To my original point in (2), I’d also add something like “crossing the finish line” or “reaching the end”: within the next few decades, I expect AI to be capable of automating nearly all knowledge work. By “all knowledge work,” I mean all thinking-related tasks, includes both 2022 jobs and post-2022 jobs. I worry that this capability level (or a level reasonably close to it) might arrive quickly, before we’re prepared to deal with the ensuing unemployment spike.
My half baked theory is that there will always be jobs shy of radical abundance in which case jobs won’t be necessary.
If AI automated all knowledge work WITHOUT delivering radical abundance, then there would still be jobs delivering goods/services that AI is, by definition, not delivering.
And if so, we have nothing to fear.
I think narrow AIs won’t cause mass unemployment but more general AIs will. I also think that objectively that isn’t a problem at this point anymore because AIs can do all the work but I think it will take at least another decade that humans can accept that.

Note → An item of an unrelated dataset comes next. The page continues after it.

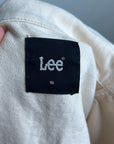 Free People x Lee 100% Cotton Denim Cream Cropped Denim Jacket Boxy Fit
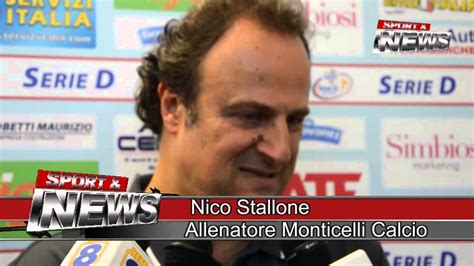 Asd Monticelli Avezzano Post Gara Intervista Allenatore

The narrative that work is good because you contribute something to society and so on is pretty deeply engrained, so I guess lots of people won’t be happy after being automated away.
General AI isn’t the same as radical abundance, but to the extent they’re the same, I see that as making the unemployment concern moot.
I also have faith that humans will continue with the “purpose driven life” under such circumstances.